29. Oktober 2024 um 07:28

Ces derniers jours, les médias poubelles et nombre de célébrités décérébrés sont montés au créneau pour dénoncer le «contenu immoral» de certains utilisateurs de Tik-Tok. Cela dénote une chose toute simple : la crainte des Tunisiens conservateurs de voir leurs compatriotes s’affranchir de la tutelle étouffante de la morale et se frayer un chemin vers une plus grande liberté sexuelle.
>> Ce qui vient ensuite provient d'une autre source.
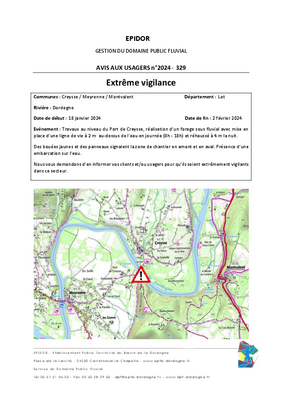 APPEL A LA VIGILANCE EPIDOR DORDOGNE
Leurs cris d’orfraie et jérémiades ne sont pas tombés dans l’oreille d’un sourd… Et ce qui était prévisible arriva !

Mohamed Sadok Lejri *

En effet, le ministère de la Justice vient de faire savoir que des mesures légales seront prises à l’encontre de toute personne qui commettrait un outrage aux bonnes mœurs et à la morale publique sur Tik-Tok et Instagram.

Ainsi, le pouvoir a décidé de faire plaisir à la plèbe qui, depuis plusieurs jours, s’adonnait à une frénésie de délires vertueux à travers les réseaux sociaux. Cette plèbe rêve d’expédier en taule tous ceux (et surtout toutes celles) qui réfutent sa moraline, toutes celles et tous ceux qui refusent d’adhérer à son système de valeurs réactionnaires et liberticides, toutes celles et tous ceux qui refusent de faire le jeu du conformisme intellectuel sclérosant dans lequel patauge cette plèbe.  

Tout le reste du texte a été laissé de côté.